These known methods, however, remain fairly expensive.
In the European Patent Application EP-A 0,211,450, a method is proposed for
fixing plates onto the sleeve in the following manner: at least two
printing plates are prepared, the sum of the lengths of which is equal to
the circumference of the sleeve and they are bent. The sleeve is expanded
radially by mechanical means such that its external diameter, after the
plates have been fixed, is equal to the diameter which it is to have in
the printing machine. The printing plates are then fixed onto the sleeve
by means of an adhesive film by arranging a steel clamping band
successively around each printing plate, which band completely covers this
plate, the zones of the two ends of the band being tangential to the
periphery of the sleeve, and by applying tensile forces, orthogonal to the
axis of the sleeve, to these two ends of the band. The grooves between the
plates are subsequently filled and machining is carried out in order to
obtain a continuous surface. Lastly, the application of the force causing
the expansion of the sleeve is discontinued and the sleeve returns to its
initial dimensions.
Although this method is satisfactory, the sleeve, before the plates are
fixed, must be expanded radially and the fixing takes place plate after
plate, waiting each time for the glue to harden; furthermore, the grooves
between the plates must subsequently be filled in and machined in order to
obtain a continuous peripheral surface.
SUMMARY OF THE INVENTION
The object of the present invention is to propose a method for fixing
intaglio printing plates onto a plate cylinder or onto a sleeve in an
easier manner such that, upon fixing, grooves which have to be filled in
between the edges of the plates are avoided, without their being any need
to expand the plate cylinder or the sleeve.
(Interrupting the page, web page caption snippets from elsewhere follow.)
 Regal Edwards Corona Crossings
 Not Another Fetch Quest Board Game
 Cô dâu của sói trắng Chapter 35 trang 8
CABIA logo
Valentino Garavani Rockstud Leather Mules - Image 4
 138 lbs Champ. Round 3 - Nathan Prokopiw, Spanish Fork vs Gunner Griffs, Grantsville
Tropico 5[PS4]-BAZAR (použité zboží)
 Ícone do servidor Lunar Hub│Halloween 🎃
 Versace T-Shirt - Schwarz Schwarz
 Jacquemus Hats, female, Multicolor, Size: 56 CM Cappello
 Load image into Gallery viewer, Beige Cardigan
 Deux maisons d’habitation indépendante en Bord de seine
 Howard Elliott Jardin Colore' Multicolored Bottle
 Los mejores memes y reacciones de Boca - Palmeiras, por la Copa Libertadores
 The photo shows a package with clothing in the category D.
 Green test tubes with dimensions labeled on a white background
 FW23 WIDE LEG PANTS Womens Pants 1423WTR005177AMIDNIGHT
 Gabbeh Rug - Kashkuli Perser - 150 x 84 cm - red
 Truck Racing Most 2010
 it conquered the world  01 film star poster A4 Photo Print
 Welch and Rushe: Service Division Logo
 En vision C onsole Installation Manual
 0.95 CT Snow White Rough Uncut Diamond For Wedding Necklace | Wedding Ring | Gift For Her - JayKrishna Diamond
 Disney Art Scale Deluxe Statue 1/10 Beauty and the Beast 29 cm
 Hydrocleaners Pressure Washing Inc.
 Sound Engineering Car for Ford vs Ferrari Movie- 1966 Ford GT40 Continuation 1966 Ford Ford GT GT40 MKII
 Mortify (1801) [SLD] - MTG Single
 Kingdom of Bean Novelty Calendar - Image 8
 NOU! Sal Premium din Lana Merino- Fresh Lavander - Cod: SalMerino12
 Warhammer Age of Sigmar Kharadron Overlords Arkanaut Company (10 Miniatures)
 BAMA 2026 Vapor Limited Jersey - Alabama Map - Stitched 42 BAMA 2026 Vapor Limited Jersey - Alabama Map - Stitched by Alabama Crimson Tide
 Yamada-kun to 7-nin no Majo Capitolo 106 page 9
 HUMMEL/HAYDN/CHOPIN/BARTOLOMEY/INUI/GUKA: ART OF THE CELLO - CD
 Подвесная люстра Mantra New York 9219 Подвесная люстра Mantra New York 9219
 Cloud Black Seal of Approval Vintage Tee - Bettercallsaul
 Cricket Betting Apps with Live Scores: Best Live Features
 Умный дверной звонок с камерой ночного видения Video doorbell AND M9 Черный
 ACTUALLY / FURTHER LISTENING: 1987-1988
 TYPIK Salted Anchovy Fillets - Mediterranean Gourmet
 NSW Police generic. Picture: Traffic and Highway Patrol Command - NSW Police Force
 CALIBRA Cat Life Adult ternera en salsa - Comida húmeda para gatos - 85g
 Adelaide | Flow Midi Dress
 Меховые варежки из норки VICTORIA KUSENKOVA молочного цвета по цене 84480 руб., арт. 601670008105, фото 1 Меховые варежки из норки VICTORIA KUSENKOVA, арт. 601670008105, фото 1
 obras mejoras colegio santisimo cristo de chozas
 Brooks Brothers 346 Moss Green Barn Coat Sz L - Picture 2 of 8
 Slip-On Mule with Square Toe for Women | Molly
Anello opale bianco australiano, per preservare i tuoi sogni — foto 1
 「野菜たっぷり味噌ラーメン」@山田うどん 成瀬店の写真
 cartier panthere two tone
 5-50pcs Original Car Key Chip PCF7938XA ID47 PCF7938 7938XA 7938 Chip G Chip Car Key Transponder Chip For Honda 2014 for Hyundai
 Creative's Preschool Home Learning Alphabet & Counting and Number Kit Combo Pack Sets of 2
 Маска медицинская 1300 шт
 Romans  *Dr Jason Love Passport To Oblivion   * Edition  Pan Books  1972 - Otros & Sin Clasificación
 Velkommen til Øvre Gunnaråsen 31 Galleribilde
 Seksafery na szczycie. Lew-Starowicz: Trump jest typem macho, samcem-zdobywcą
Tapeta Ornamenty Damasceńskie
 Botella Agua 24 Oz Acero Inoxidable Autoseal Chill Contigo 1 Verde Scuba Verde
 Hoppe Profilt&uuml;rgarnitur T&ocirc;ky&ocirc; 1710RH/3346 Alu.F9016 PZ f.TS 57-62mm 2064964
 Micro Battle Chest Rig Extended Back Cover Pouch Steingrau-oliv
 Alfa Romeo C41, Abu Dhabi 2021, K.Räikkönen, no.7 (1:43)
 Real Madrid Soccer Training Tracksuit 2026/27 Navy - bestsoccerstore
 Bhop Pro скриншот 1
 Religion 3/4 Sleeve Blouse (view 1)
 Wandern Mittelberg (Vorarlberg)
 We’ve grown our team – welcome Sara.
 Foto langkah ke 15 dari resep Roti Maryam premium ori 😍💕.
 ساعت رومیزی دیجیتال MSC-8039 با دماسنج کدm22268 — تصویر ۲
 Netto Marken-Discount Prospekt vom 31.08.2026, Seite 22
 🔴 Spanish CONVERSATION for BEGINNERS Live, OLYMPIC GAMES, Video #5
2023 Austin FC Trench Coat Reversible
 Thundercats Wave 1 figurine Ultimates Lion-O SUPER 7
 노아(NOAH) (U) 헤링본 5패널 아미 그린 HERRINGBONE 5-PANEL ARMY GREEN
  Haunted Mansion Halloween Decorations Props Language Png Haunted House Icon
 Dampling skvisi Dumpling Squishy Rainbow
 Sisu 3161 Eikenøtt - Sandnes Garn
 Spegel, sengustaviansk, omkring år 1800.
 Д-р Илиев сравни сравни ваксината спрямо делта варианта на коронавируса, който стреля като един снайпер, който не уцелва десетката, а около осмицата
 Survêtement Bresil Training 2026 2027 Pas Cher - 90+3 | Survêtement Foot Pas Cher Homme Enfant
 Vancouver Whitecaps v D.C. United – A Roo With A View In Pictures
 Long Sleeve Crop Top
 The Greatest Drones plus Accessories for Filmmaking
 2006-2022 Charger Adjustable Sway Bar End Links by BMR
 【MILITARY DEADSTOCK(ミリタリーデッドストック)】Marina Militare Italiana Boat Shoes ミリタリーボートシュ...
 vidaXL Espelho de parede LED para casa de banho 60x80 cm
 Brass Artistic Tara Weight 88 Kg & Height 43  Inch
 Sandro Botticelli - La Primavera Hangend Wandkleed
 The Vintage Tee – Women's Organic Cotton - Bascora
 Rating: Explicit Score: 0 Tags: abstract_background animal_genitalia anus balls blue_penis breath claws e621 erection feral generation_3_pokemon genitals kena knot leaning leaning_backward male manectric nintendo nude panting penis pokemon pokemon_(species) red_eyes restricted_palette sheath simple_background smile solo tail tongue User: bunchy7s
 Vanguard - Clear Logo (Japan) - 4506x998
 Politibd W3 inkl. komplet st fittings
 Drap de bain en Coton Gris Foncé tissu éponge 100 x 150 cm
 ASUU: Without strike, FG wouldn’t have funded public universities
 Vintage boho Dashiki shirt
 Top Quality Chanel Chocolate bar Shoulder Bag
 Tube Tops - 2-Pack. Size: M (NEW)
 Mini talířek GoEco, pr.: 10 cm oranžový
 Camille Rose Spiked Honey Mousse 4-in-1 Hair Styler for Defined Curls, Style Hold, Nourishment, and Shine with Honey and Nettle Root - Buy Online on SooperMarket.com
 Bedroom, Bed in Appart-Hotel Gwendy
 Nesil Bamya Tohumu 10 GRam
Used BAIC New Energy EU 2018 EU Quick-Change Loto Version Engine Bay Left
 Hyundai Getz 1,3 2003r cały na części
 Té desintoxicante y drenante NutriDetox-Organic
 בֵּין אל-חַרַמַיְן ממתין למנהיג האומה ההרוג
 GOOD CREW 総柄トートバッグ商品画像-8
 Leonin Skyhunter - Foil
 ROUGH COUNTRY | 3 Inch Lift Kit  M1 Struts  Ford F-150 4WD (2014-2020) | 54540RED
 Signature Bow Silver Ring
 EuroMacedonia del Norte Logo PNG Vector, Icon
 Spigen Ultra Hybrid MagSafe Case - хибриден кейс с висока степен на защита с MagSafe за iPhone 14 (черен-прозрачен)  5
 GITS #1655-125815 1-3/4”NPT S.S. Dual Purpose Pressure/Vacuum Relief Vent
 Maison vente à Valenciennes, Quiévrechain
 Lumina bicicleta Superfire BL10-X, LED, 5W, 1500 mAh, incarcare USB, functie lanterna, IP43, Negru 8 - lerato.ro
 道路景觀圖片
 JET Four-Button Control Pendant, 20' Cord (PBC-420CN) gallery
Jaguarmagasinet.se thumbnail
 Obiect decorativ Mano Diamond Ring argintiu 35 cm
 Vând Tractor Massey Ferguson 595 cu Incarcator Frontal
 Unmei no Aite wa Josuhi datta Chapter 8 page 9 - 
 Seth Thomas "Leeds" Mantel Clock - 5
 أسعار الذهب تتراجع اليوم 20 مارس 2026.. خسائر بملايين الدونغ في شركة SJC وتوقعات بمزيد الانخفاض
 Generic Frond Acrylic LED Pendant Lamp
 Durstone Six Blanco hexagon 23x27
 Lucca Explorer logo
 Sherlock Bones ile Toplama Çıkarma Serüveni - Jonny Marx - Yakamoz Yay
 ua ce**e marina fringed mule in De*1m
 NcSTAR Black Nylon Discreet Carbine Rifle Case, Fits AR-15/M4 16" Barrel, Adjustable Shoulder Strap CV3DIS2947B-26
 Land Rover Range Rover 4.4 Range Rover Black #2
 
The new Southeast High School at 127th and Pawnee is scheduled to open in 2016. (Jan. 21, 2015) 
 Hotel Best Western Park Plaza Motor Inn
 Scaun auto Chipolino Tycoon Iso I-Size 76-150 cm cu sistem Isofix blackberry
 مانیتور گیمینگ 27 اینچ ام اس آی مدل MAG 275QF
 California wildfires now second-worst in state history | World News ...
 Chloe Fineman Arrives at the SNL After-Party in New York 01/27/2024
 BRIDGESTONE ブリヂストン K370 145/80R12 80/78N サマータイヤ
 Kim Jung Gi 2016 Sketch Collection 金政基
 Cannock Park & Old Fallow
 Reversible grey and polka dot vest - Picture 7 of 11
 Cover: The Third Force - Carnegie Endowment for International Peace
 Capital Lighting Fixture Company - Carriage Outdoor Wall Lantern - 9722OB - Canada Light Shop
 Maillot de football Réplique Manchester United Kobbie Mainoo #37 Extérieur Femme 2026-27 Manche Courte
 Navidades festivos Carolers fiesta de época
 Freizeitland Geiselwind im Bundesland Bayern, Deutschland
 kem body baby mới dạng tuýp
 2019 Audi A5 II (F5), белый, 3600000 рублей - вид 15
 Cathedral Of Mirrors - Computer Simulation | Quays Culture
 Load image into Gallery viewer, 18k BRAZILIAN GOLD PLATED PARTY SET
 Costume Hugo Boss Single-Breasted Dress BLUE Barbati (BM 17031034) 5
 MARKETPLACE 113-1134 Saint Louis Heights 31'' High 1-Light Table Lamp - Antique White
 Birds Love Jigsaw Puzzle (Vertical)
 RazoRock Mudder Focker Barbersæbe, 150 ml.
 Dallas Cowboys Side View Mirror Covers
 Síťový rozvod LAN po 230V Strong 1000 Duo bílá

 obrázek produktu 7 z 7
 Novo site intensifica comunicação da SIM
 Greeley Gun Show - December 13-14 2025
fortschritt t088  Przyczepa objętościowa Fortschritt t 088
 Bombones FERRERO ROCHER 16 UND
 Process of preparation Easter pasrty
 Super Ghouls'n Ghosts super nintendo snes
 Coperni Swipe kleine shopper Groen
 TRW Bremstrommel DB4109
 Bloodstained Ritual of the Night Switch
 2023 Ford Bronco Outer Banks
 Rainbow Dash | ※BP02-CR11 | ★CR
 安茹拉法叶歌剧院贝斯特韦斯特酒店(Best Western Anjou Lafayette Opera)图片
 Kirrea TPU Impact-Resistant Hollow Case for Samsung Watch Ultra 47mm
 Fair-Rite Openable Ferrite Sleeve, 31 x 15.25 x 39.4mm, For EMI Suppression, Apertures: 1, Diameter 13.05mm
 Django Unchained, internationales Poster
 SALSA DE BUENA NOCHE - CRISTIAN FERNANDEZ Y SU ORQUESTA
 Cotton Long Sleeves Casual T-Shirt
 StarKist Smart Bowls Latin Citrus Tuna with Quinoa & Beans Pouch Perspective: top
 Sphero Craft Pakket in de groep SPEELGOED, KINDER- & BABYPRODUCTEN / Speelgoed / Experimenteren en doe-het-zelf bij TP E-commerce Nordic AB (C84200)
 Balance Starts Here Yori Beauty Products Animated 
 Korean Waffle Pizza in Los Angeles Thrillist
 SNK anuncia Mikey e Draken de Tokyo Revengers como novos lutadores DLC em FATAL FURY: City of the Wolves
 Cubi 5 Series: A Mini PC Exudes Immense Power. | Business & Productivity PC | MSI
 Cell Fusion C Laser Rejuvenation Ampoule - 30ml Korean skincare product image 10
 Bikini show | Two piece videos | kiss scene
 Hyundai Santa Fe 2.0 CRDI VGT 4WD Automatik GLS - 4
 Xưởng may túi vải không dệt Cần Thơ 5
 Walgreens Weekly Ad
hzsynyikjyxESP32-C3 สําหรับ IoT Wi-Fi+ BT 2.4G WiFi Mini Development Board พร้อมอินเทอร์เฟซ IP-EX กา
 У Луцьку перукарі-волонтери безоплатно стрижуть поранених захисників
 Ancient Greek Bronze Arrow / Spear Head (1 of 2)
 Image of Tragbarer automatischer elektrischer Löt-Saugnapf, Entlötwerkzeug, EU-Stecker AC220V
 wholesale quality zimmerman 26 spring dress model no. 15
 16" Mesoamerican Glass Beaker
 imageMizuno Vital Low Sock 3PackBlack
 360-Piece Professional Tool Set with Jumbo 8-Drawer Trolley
In order to achieve this object, the method according to the invention is
defined in that:
a. the same number of regularly distributed axial grooves are formed on the
peripheral surface of the cylinder as there are printing plates to be
fixed;
b. one or more printing plates are prepared, the length of which, or the
sum of the lengths of which, respectively, is greater than the
circumference of the cylinder and each printing plate is bent with a
radius of curvature less than that of the peripheral surface of the
cylinder;
c. a strip is fixed close to two ends of each printing plate on the concave
face; the face of said strip adjacent to the end of the plate being
perpendicular to the latter and the positions of said strips being such
that the length of the plate, or the sum of the lengths of the plates,
respectively, between said faces of said strips equals the circumference
of the cylinder;
d. the edge of each plate projecting beyond the corresponding strip is cut
off such that the edge of the plate forms a continuous surface with the
face of the strip;
e. the printing plate or plates are arranged on the peripheral surface of
the cylinder by introducing the strips on two adjacent ends of the
printing plate or plates, respectively, into a groove and the free space
of the groove is completed by means comprising at least one wedge-shaped
strip in order to tension plate or plates against the surface of the
cylinder and to obtain, by compression, a join between the adjacent ends
of the plate or plates, respectively, and their fastening.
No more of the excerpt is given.